Now, this might seem like a minute difference, however, precision in these types of calculations are paramount when running calculations related to p-values.

The difference comes from the fact that [`np.mean`](https://docs.scipy.org/doc/numpy-1.13.0/reference/generated/numpy.mean.html) with case `NaN` values to 0 whereas [`np.nanmean`](https://docs.scipy.org/doc/numpy-dev/reference/generated/numpy.nanmean.html) will completly ignore `NaN` values from the calculation.

There is also a [`np.nanstd`](https://docs.scipy.org/doc/numpy-dev/reference/generated/numpy.nanstd.html) function for calculating the standard deviation.

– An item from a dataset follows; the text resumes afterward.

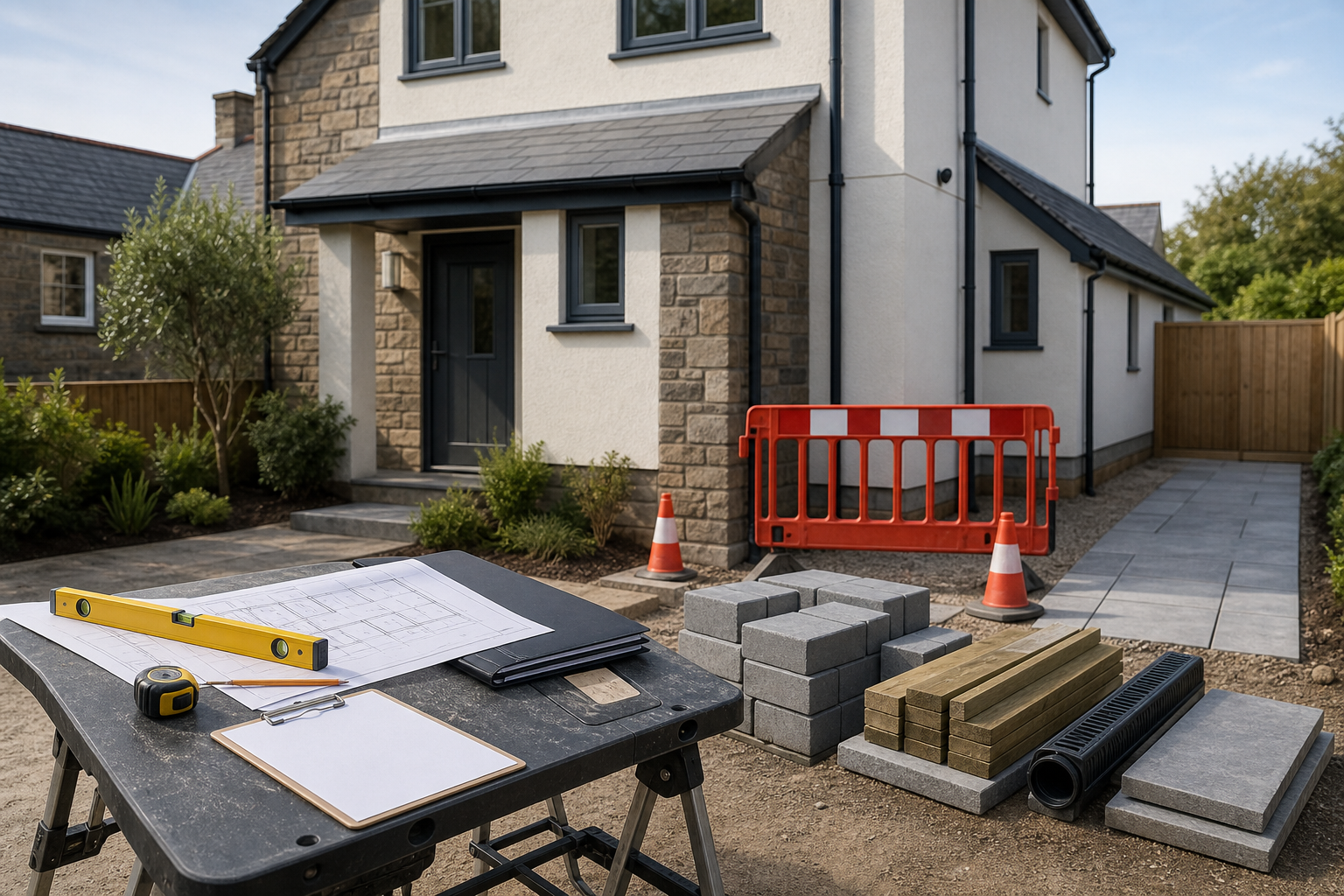 Construction materials and tools in front of a modern house under renovation.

When doing regressions, I highly recommend using the [StatsModels library](http://www.statsmodels.org/dev/generated/statsmodels.regression.linear_model.OLS.html) as this will spit out output that is almost identical to R/STATA. You can see example of this in my previous [notebook](https://github.com/igabr/Blog_Post_Notebooks/blob/master/Program_Evaluation_Introduction_Notebook.ipynb).

An important thing to note is then when running regressions with missing data, STATA will automatically drop rows that contain `NaNs` - this is NOT the case with statsmodels.

In fact, should you data contain `NaNs`, you will just see `NaNs` populating you output table.

Rather, you must specify what to do with missing data.

`model = sm.OLS(outcome, X, missing='drop')`

Let now talk datatypes:

In [14]:
new_data.dtypes.unique()

array([dtype('float32'), category], dtype=object)

From the above, we can see that our dataframe contains `float32` and `category` datatypes.

Off the bat, this might seem great, but it is important to remember that when you start encoding various variables or doing transformations that the data type of your features may change.

Before feeding in features to a regression, I like to ensure that all of my numeric columns are encoded to `float64` as this gives more numerical precision.

You can change the type of a column as follows:

In [15]:
new_data['head_earnings'].dtype

dtype('float32')

In [16]:
new_data['head_earnings'] = new_data['head_earnings'].astype('float64')

In [17]:
new_data['head_earnings'].dtype # ta-da!

dtype('float64')

You can also use method chaining after to an `.apply` method to immeadiately cast the result of your transformation to a `float64`.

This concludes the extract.